Были в Петербурге и профессиональные воры, особая корпорация, которая не желала смешиваться с другими преступниками. К своим операциям они готовились очень тщательно. Для знаменитого ограбления ювелирной лавки Гордона выбрана была суббота, когда лавка закрыта (Гордоны – евреи). Перед закрытием в соседний канцелярский магазин зашел маленький мальчик, залез в сундук и закрыл за собой крышку. Все разошлись, мальчик вылез из сундука, открыл дверь, вошли варшавские воры. Они обнаружили, что лавку Гордона от канцелярского магазина отделяют всего 2 кирпича, облили все какой-то химией, сделали дырку. Когда несчастный Гордон пришел утром в воскресенье, в лавке уже ничего не было. И таких ограблений было много. Но налетов не было, то есть тех, кого сейчас называют «бандиты», в Петербурге не существовало.

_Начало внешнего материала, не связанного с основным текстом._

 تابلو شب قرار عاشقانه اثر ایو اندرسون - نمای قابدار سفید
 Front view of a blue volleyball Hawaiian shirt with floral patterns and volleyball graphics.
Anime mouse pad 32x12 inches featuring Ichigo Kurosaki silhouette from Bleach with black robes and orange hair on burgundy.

Еще одним распространенным видом преступности в Петербурге было взяточничество. Так, вопросы строительства решал покровитель Анны Павловой[38]

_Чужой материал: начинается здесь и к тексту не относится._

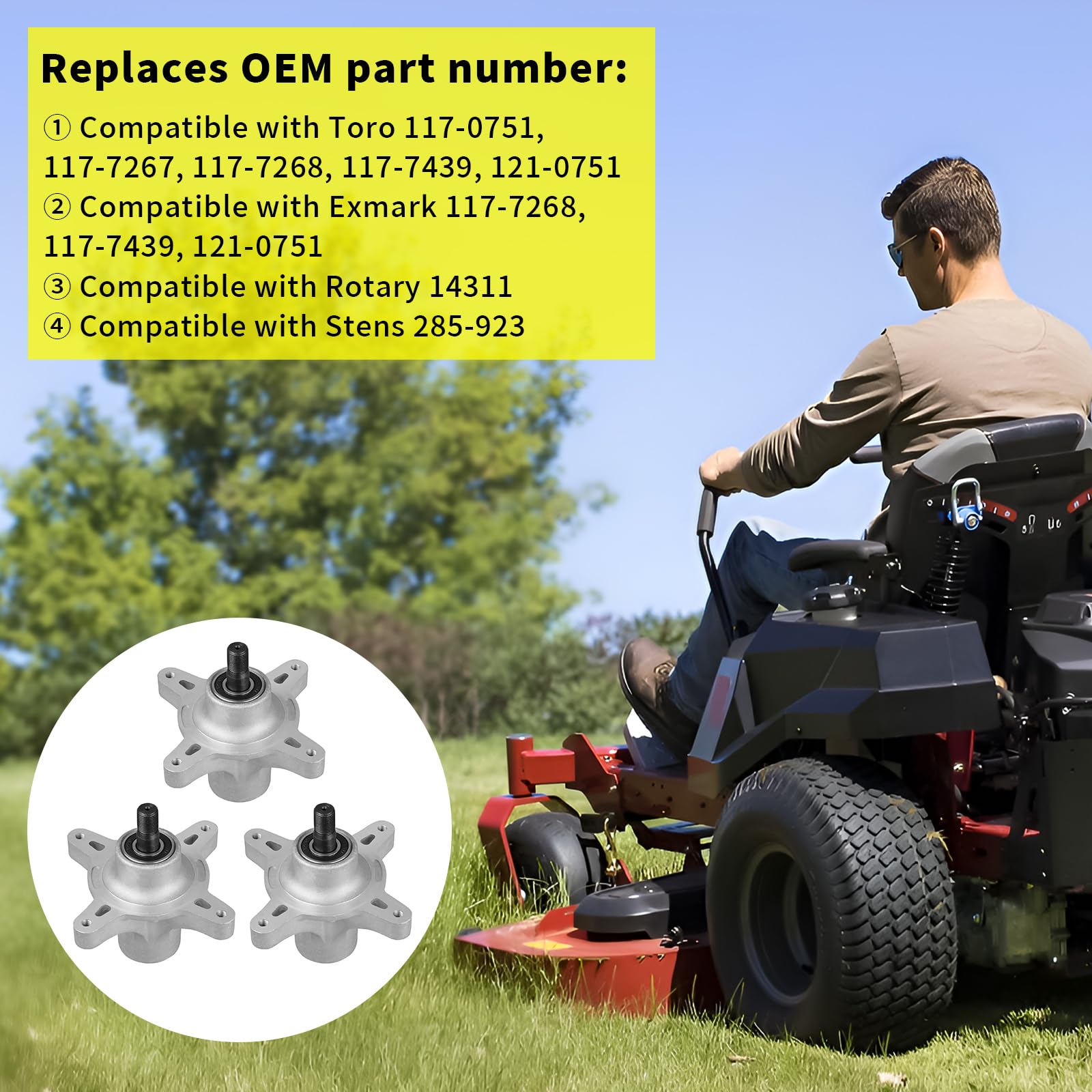 Fourtry spindle on zero-turn mower in lawn setting improving cutting performance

, гласный городской думы Виктор Дандре.Брала, и очень много, Екатерина Сухомлинова, жена военного министра, которая в конце концов довела своего мужа до пожизненной каторги.
Брала деньги Матильда Кшесинская. Она занималась не только и не столько балетом, сколько артиллерией, потому что ее покровитель великий князь Сергей Михайлович[39]
был руководителем главного артиллерийского управления. Говорили, что морской министр был нечист на руку.Но надо сказать, что Государственная дума внимательно смотрела за бюджетом и, кроме того, суд был абсолютно честным – нет никаких свидетельств о подкупах присяжных. Поэтому сколько веревочке ни виться, все равно конец найдется – по крайней мере, и Дандре, и Сухомлинов в конце концов были наказаны.
В целом же Петербург был относительно спокойным городом. Как и сейчас, он был холодным, неприятным, высокомерным, но в 1914 году невозможно было себе представить, что здесь копятся силы, которые вступят друг с другом в химическую реакцию, и произойдет взрыв, потрясший весь мир.
Криминальный мир Петербурга
По одной из версий, происхождение этого термина уходит корнями во времена крепостного права, когда беглые крестьяне или каторжники, пойманные властями, называли себя Иванами, а на вопрос: «Чьих будешь?» – отвечали: «Не помню». В новое же время этот термин крепко прилип к профессиональным попрошайкам, работавшим на улицах Петербурга и других крупных российских городов. Здесь же он обрел и новый смысл: члены этой артели не помнили родства в том смысле, что рвали все связи со своими семьями, вливаясь в новую, криминальную семью.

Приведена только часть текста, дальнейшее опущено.